How to Watch Star Wars

Posted: December 15, 2015 by Micah in Randomnicity
Tags: , , ,

Internet… it has happened. Right now in this cold cruel world there are several hundred nay possibly several thousand people… who have seen Star Wars Episode 7. And I am not one of them, you are probably not one of them. I’m sorry. Let’s take a second and just quietly mourn to ourselves of our terrible defeat.

Let us also spend the next several days carefully monitoring our internet usage so we don’t get anything spoiled. The spoilers are out there now guys, lurking in the dark corners, waiting to kill us and eat half of us and then bury us in the woods so they can return and finish us later… or maybe those are bears.

Okay, that last part was definitely bears, but the first part is undeniably spoilers. There are spoilers out there, be wary my friends. Be wary.


But instead of focusing on what we haven’t seen yet, let’s instead turn our attention to what we have seen, what we can see, and what we have probably already seen. The 6 existing movies and (more specifically) in which order they should be watched.

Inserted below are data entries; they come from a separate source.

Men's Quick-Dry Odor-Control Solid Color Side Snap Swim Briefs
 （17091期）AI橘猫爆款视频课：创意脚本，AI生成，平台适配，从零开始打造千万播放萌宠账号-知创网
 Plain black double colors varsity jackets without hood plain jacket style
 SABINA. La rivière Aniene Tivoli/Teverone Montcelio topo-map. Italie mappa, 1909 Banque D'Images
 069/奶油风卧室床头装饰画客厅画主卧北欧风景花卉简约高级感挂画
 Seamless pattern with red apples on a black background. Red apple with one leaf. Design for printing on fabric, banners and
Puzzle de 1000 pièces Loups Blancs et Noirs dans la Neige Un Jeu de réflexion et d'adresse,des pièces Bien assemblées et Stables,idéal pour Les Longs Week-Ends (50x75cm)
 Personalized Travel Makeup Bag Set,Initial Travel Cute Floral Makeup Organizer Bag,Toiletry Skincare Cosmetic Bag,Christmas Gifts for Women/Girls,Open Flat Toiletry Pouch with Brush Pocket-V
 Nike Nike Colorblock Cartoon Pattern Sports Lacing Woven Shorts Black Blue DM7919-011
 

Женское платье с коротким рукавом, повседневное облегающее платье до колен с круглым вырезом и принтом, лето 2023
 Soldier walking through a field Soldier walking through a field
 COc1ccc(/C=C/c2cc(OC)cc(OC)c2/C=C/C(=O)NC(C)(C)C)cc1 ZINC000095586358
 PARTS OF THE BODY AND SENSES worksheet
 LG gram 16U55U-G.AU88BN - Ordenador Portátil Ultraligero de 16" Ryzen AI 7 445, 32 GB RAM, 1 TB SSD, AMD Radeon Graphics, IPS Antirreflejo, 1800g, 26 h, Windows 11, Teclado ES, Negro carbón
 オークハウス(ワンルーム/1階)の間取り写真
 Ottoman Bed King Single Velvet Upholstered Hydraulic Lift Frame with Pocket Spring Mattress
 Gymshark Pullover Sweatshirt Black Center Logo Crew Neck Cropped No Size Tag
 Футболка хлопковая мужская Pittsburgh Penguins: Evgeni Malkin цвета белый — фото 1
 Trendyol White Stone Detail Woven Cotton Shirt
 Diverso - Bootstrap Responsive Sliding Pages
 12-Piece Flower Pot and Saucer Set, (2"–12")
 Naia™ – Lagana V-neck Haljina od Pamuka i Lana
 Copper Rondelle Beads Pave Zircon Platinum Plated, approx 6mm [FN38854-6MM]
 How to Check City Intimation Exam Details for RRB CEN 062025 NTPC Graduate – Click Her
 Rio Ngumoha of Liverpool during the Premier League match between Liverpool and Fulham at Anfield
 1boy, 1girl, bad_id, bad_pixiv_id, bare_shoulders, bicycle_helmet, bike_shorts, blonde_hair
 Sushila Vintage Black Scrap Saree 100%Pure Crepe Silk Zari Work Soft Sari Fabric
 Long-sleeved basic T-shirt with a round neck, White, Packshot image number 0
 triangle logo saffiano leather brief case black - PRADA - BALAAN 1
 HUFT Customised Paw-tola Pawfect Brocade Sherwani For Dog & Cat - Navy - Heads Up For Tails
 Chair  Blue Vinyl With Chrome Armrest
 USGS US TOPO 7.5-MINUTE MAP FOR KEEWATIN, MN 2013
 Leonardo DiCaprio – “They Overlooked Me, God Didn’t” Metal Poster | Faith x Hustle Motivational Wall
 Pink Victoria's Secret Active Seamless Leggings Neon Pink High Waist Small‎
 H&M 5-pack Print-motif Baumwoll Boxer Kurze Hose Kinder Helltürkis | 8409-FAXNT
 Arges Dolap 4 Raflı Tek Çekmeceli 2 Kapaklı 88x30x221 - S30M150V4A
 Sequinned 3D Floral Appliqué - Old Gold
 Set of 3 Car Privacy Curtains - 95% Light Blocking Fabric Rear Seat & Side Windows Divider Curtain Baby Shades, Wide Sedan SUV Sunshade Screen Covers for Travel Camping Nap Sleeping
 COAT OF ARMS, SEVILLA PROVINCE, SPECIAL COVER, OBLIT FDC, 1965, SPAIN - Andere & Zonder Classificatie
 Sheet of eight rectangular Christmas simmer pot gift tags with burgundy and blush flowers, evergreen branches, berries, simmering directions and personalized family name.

Which leads us to this bold font:

How to Watch Star Wars 

Now this guide is mainly designed to be in a hypothetical sort of: ‘I’m introducing Star Wars to someone for the first time’ scenario. If you’ve already seen all 6… well you’ve already seen all 6. So it really doesn’t matter how you watch them. Granted, it really doesn’t matter how someone new to Star Wars watches them but if all I did on this blog was talk about things that really mattered this would be WAY less funny so let’s just roll on shall we?

Method 1: Chronologically. 1-2-3-4-5-6 

Let’s get this out of the way now: Don’t do this. You’re starting with the two weakest movies, with the worst writing and the criminally bad idea that was Jar Jar Binks. That’s no way to watch a franchise. I mean if you do this you’ve got to sit through 7 hours-ish of movies before you even get to Han Solo, the Millennium Falcon, and a writer that wasn’t gradually drowning under his own beard. Plus, you’ve got to remember the big Darth Vader reveal is in 5 (arguably the best movie) but if you watch 1, 2 and 3 first you’ve literally taken all the surprise out of it. I mean come on. Think of the children. Think of all the people, living for today!! And then don’t let those people watch Star Wars like this!! In the immortal words of Admiral Ackbar:


Method 2: By Release 4-5-6-1-2-3

Okay this is sort of the standard way to do it. You get the full experience of 4-6 and then the full let down of 1-2 followed by the slightly less let down of episode 3. Is there a word for slightly less of let down?? A let… slope? Slightly better than the previous letdown but also still a pretty big letdown. There’s merit to this but it’s not the best way, it’s the most obvious way that doesn’t involve making someone watch the cinematic train wreck that was episode 1 first. But let’s get to something a bit more outside the old Star Box shall we?

Method 3: The Patton Oswalt 4-5-1-2-3-6

I’m not sure if Patton Oswalt invented this or not but he’s the one I heard say it first and this is the Internet so my attributing a fact to someone without doing any research isn’t just par for the course, it is the course. So anyway when Patton Oswalt sat up one night in his commemorative Star Wars bed and invented this theory, I was one of the first people he emailed about it, and this is what his email said.


So you start with 4 and 5, which maintains the I am your Father twist AND let’s you start with the best two movies in the series. Then you go back and watch 1-2-3 and three which gives you the Darth Vader story and THEN you go back and watch 6 which wraps up the Darth Vader story, finishes the saga and gets you rarin’ to go for Episode 7.

So there you go guys, the way to watch Star Wars. But however you choose to watch it, whether you go for the first stupid one, or the last two perfectly acceptable ones, may you enjoy it and may the Force be with you all.